Hoy, en cada casa de Bali, prácticamente hay un templo donde, cada día, muestran sus ofrendas a los dioses como la gente hiciera en el imperio romano, donde Constantino, por su interés político, abrazó el cristianismo que no deja de ser una religión más. Monoteista, eso sí, con simbolismos bien diferenciados, pero igual que todas, tan creíbles e inverosímiles como las venideras que surgirán por lucro, conveniencia u otras razones inventadas por los hombres.
La lucha entre la fe en un Dios o dioses (sin la que es difícil vivir) y la ciencia de antaño van distanciándose para que, a fin de cuentas, la creencia religiosa de la primera ceda ante el avance imparable del conocimiento de la segunda. Ya va siendo hora de separarlas y que cada cual en España pague lo que consume y utiliza. Nadie debe de estar obligado a financiar aquello que no sea en provecho común como la salud, la educación, el bienestar social, la igualdad de oportunidades, la libertad de decidir, la justicia, la solidaridad, la defensa de los oprimidos y desfavorecidos... Ya va siendo hora de no financiar con los impuestos de todos lo que posibilita un mayor dominio de unos sobre otros, monopoliza un enriquecimiento desmedido de algunos que, además, condicionan y marcan la vida de los demás, perturbando y preconizando desigualdades entre hombres y mujeres, creyentes y paganos...

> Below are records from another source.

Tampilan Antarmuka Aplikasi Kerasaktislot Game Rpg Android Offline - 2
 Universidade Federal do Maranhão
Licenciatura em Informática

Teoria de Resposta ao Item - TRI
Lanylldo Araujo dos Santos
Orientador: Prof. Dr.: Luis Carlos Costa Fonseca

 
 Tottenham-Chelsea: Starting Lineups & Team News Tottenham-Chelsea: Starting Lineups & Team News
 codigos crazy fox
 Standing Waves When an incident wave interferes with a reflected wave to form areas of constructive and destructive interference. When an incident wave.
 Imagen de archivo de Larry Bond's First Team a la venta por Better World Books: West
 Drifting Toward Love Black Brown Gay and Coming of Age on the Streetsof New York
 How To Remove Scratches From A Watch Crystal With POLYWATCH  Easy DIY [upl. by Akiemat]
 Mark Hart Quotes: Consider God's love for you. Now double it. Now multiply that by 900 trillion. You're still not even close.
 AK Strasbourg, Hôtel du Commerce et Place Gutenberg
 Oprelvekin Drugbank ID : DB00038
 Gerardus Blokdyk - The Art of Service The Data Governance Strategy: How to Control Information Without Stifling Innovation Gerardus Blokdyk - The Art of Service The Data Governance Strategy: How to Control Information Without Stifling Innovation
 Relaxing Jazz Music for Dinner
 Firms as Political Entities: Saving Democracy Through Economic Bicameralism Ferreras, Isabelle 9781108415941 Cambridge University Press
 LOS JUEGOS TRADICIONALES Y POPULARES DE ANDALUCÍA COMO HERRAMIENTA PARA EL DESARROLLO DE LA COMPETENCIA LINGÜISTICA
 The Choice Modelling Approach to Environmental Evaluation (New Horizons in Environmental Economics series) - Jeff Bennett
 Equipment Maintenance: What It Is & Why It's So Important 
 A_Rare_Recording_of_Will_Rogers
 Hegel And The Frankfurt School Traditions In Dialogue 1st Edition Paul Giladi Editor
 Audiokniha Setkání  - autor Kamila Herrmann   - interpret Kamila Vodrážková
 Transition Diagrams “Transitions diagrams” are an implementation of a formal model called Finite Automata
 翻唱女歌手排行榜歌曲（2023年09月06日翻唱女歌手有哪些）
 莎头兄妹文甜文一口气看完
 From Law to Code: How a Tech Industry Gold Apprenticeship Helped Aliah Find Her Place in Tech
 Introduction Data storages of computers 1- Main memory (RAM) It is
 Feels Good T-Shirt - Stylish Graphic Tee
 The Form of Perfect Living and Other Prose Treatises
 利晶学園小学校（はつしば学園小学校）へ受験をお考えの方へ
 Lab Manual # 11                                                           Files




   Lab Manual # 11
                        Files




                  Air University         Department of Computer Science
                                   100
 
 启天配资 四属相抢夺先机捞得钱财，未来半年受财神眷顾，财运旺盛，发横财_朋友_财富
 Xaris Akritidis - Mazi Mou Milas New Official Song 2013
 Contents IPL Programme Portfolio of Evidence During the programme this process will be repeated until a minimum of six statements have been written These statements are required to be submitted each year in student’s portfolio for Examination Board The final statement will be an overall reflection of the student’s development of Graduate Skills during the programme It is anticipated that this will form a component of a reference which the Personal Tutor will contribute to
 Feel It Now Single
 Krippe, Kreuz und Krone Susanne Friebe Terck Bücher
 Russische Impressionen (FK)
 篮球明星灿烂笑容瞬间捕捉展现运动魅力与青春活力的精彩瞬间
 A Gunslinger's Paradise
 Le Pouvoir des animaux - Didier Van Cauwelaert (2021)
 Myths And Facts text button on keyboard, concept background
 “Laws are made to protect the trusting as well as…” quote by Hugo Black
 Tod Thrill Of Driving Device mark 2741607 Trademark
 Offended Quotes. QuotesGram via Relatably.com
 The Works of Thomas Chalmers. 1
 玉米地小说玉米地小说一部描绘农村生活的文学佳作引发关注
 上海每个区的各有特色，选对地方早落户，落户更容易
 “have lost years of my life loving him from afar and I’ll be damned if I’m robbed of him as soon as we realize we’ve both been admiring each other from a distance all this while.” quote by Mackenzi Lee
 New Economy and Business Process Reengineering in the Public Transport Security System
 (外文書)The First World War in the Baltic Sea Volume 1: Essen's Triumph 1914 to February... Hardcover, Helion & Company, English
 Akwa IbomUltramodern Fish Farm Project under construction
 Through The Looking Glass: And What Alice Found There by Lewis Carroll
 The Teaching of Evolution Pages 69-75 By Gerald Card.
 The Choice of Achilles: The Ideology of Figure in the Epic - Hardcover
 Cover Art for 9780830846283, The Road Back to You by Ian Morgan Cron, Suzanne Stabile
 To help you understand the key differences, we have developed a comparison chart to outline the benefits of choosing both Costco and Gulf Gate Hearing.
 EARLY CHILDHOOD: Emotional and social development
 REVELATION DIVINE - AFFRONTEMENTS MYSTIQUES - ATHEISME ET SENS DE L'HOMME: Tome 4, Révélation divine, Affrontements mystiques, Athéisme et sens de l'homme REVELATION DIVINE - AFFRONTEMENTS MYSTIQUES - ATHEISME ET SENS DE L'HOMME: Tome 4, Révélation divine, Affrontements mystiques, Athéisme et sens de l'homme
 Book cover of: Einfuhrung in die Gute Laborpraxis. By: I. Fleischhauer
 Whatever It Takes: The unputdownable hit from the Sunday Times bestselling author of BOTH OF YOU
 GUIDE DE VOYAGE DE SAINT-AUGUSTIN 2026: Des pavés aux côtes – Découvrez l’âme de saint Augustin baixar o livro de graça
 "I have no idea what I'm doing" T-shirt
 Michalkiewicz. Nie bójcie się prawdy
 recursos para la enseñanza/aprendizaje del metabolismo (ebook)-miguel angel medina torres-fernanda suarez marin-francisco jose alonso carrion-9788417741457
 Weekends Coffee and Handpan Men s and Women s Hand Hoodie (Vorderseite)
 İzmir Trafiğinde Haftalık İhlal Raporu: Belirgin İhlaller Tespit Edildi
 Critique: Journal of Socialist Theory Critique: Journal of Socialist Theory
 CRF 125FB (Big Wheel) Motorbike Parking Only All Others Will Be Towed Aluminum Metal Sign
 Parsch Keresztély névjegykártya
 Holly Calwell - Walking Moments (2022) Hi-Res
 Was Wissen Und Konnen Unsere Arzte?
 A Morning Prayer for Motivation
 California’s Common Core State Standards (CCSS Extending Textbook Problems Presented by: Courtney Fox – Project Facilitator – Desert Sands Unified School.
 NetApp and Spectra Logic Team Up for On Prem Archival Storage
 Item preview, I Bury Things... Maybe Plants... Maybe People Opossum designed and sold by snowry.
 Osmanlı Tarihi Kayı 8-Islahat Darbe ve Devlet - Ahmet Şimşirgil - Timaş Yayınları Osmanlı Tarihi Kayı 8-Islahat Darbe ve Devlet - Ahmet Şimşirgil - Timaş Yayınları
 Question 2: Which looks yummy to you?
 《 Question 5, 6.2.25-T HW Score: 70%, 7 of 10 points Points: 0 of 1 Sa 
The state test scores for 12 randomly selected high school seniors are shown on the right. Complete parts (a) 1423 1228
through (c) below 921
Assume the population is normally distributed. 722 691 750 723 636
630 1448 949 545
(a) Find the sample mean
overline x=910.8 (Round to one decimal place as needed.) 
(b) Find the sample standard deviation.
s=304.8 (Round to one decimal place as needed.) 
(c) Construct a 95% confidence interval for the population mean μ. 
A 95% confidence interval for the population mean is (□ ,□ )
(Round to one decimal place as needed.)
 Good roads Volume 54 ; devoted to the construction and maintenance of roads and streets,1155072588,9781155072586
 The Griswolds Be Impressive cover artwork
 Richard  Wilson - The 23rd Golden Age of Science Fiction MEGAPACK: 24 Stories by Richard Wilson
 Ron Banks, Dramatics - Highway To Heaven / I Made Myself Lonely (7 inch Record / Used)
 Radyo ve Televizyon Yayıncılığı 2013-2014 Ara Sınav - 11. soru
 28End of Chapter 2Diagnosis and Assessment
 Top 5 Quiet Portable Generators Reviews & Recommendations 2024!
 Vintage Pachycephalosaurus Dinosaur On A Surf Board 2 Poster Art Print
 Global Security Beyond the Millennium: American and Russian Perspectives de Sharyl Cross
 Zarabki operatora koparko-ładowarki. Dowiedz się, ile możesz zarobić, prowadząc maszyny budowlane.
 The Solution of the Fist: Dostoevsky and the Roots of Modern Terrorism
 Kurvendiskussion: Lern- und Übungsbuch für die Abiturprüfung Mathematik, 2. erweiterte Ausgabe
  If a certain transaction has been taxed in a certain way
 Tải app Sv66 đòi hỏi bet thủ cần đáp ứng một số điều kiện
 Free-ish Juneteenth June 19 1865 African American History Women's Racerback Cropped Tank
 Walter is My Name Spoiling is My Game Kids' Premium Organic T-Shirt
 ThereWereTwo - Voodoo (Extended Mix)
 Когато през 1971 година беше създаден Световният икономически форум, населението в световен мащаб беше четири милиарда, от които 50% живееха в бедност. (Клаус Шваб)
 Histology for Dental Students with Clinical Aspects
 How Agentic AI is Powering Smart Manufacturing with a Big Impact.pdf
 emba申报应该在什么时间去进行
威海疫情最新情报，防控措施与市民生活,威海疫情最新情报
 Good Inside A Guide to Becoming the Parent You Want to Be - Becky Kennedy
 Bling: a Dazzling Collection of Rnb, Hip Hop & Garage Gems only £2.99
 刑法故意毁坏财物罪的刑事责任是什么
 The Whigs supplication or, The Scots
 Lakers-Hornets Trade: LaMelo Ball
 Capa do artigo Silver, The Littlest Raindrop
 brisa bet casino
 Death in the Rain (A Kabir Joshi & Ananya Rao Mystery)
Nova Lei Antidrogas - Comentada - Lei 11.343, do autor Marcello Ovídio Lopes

La sociedad ha de permitir que sus miembros libremente elijan sus ideas y estas sean respetadas si son honorables, pero no a base de imponer sus dogmas, simbolismos, supersticiones y credos y, menos aún, que el Estado (todos nosotros) las financie. Por supuesto, la política ha de estar al margen y no aliarse con ninguna de ellas abrazándose a su misterio como ahora se abraza, propagando la obligación de sus ritos en escuelas infantiles privadas, públicas o concertadas; cabe, sin embargo, el estudio de su historia como cualquier otra materia, pero no la obligación de la práctica de sus liturgias, normas y prohibiciones. No es cuestión de ofender o molestar, si no de igualdad y justicia.
Ya va siendo hora del laicismo en España a fin de que los negocios religiosos en dejen de bendecir con agua bendita sus actos. Esto no supone prohibir una actividad religiosa por muy desmedidos que sean sus ingresos, pero que los mismos no se potencien con el erario público, paguen sus impuestos y su actividad sea regulada, rigiéndose por las mismas leyes que cualquier individuo o sociedad seglar.